July 24–The news of 10 people found dead inside an overheated tractor trailer in San Antonio over the weekend, while striking and tragic, is by no means the first time would-be immigrants have been discovered trying to cross the border in a truck.
Cross-border smuggling also isn’t the only type of human trafficking to have been tied to the trucking industry: Forced prostitution is also all too common at truck stops across America, prompting industry-wide efforts to address the issue.
While the underlying causes of human trafficking are complex, ranging from instability in Central America and Mexico to competing priorities by U.S. law enforcement, it seems there’s some alignment between traffic in trucks and traffic in people.
Indeed, in Texas, both border crossings by trucks and the number of human trafficking cases have risen in tandem over the past five years:
Comprehensive, long-term data on human trafficking isn’t available. The FBI has only aggregated local law enforcement statistics on the crime since 2013, and it took a while for police departments to participate. But the National Human Trafficking Hotline has published statistics since 2012 which can be correlated with data on truck border crossings published by the Department of Transportation.

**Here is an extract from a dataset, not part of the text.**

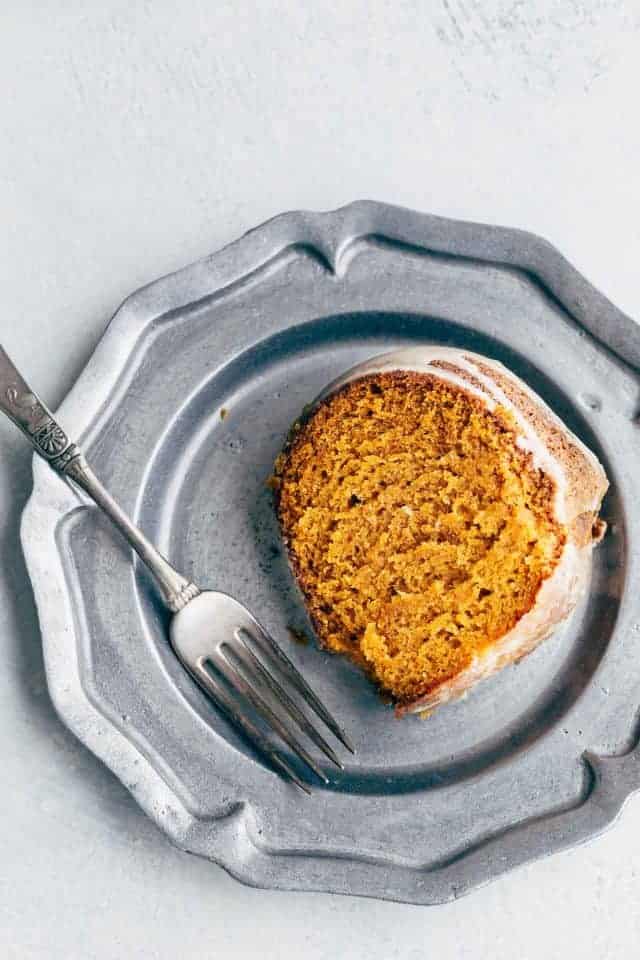 An overhead shot of a slice of pumpkin bundt cake sitting on a pewter plate with a fork next to it.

In theory a higher volume of border crossings by trucks — which generally occurs when the economy is doing well and trade increases — could also create more opportunities for people to be smuggled in trailers, and thus a greater likelihood of things going wrong.
Of course, two trends rising at the same time don’t prove that one caused the other. “They intersect, but I don’t think there’s a direct correlation,” says Melissa Torres, director of human trafficking research at the University of Texas’ School of Social Work, who is in the middle of a comprehensive project to map human trafficking across Texas.
However, one detail of the San Antonio case may provide a clue: The driver of the truck was an owner-operator, contracted by a trucking company to haul a load from point A to point B. The business model has become more common over the years, because it allows trucking companies to not worry about keeping workers on salary when orders dry up — but it also means they can’t exert as much control over the driver’s practices, making it more difficult to ensure compliance with the law.
“in any business that we’ve dealt with, the supply chain needs to be looked at,” Torres says.